Write out, please, the lines from the beginning of the material to the line with "Produktbild von REDONDO", including both ends and nothing else.

## Data to use
* * * * * * * * *
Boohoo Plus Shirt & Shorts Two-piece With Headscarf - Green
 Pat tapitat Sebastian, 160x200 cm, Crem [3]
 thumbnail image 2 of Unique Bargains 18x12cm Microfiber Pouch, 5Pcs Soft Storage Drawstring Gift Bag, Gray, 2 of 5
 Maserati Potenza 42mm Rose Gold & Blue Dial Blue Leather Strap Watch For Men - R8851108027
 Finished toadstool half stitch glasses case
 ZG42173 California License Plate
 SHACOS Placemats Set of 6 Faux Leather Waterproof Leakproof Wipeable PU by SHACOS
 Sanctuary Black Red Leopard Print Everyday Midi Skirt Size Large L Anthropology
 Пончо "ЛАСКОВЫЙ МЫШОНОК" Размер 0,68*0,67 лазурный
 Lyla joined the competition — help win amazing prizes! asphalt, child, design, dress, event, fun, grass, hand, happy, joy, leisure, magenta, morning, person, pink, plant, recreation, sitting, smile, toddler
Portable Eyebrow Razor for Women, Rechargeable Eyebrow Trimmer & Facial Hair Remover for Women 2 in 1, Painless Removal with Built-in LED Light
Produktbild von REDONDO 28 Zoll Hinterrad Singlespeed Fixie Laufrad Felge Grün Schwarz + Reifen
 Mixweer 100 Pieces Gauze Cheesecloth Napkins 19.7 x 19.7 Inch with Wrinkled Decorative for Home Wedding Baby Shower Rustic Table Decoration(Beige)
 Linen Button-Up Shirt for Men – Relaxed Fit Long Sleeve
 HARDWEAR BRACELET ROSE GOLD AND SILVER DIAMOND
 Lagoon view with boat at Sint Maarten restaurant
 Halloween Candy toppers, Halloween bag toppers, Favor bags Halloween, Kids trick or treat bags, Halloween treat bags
* * * * * * * * *
## Solution
Boohoo Plus Shirt & Shorts Two-piece With Headscarf - Green
 Pat tapitat Sebastian, 160x200 cm, Crem [3]
 thumbnail image 2 of Unique Bargains 18x12cm Microfiber Pouch, 5Pcs Soft Storage Drawstring Gift Bag, Gray, 2 of 5
 Maserati Potenza 42mm Rose Gold & Blue Dial Blue Leather Strap Watch For Men - R8851108027
 Finished toadstool half stitch glasses case
 ZG42173 California License Plate
 SHACOS Placemats Set of 6 Faux Leather Waterproof Leakproof Wipeable PU by SHACOS
 Sanctuary Black Red Leopard Print Everyday Midi Skirt Size Large L Anthropology
 Пончо "ЛАСКОВЫЙ МЫШОНОК" Размер 0,68*0,67 лазурный
 Lyla joined the competition — help win amazing prizes! asphalt, child, design, dress, event, fun, grass, hand, happy, joy, leisure, magenta, morning, person, pink, plant, recreation, sitting, smile, toddler
Portable Eyebrow Razor for Women, Rechargeable Eyebrow Trimmer & Facial Hair Remover for Women 2 in 1, Painless Removal with Built-in LED Light
Produktbild von REDONDO 28 Zoll Hinterrad Singlespeed Fixie Laufrad Felge Grün Schwarz + Reifen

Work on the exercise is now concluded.